Working in coalitions

It is very important that the people's organisation takes the lead in negotiations. Other organisations can help by playing an active role in building the people's organisation, and facilitating and supporting the movement, but we have to understand that there will only be change when the land deprived people take leadership positions in the change process.

Popular education processes helps to generate knowledge and power in three ways;

  • by empowering the landless and tenant farmers through knowledge and understanding of their society and culture;
  • by spreading knowledge of the nonviolent land rights movement with other organisations, the government and the public;
  • by building wider knowledge of land and agrarian reform.

The organised social movement will exist when there is knowledge of social transformation and land reform; popular education helps to solidify the land rights movement. Popular education also helps to develop leadership, which should come from people in the movement.

Power building processes

Popular education plays an important role in building power. Popular education helps to unite, collectivise actions and facilitate the sharing of roles in the movement, all of which helps to build power. Because the NLRF has used a participatory process for making decisions, it has been building power from the ground up. Before starting a programme, NLRF and CSRC think about what will really generate power, and have found alternative and innovative ways for the land rights movement to build power. For example, people could visit the district headquarters by bus, but they choose to travel by foot, to be more visible and demonstrate their commitment. When the movement gathers for a rally or demo, the NLRF members stay in public places, they cook for themselves and they share their food and blankets. Such actions create power.
 
The following five elements have also helped to generate power in the land rights movement. 

1. Ownership

In Nepal, there is general mistrust of large NGOs (which are seen to rely on money from international donors). If the general public or the land deprived people found that mobilisation occurred only because of money from a funded project, this would undermine the power of the movement. However, if they know that the movement runs on the contributions of it's members then power holders will look much more seriously at the movement, because this demonstrates their power.

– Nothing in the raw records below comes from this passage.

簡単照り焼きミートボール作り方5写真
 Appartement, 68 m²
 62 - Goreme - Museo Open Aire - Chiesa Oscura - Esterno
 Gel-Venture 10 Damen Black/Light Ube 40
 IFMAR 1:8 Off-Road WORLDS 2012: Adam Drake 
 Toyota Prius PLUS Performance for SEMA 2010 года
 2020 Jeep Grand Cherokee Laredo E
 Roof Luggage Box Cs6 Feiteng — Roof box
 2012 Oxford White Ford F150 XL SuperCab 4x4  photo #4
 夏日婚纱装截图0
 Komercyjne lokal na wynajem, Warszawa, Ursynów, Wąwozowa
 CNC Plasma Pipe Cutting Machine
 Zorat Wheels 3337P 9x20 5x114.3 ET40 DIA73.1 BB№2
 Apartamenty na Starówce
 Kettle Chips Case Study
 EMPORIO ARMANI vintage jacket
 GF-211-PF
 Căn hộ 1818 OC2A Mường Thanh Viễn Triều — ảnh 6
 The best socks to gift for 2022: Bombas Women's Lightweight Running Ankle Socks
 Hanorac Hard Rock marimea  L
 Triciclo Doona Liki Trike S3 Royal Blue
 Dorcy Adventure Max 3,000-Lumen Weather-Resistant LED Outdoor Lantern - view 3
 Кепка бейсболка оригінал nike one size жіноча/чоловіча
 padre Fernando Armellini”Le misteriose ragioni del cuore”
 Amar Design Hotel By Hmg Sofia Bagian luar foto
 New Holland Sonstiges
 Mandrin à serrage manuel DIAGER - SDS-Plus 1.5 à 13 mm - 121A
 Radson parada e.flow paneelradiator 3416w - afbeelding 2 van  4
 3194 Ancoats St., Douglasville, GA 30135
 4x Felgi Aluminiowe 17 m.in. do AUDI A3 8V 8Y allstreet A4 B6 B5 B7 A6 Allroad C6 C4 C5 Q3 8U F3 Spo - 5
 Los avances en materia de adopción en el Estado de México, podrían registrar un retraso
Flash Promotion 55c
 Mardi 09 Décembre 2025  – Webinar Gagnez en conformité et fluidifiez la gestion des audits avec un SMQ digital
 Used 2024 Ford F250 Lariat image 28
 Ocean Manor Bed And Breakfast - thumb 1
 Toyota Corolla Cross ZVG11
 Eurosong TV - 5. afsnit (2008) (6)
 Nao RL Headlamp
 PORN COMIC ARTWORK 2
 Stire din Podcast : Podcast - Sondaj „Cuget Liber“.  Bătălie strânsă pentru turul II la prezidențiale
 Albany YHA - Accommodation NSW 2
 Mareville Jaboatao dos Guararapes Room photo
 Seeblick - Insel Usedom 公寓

2. Decision making structures

Open discussion and initiatives like paidal walking, encampments, rallies, demonstrations, and dialogue with powerholders generates power. Discussion in a small room, with just a few participants does little to create grassroots power. When many people share stories about having the same kinds of problems, it generates power, because they feel that they are not alone in the problem/issue, there are many people, who are their friends. This also helps to develop a common action plan, where there is shared understanding of the problem and how to address it.

3. Demonstrating power

Mass meetings, gatherings, and nonviolent actions generate power. Because the land rights movement is able to hold bigger mass rallies than the political parties, their power is recognised.

4. Communication

Strong publicity of the issues and goals can create public debate that gives power to the movement and can help build solidarity.

5. Local contributions

Community contribution helps to decentralise power, and bring power to the grassroots. Innovative actions generate power and knowledge, as do powerful slogans and powerful mapping/visuals. The important thing is, it is the local mobilisation that creates power. Using local resources gives ownership to local activists, and makes sure that how we use resources is transparent.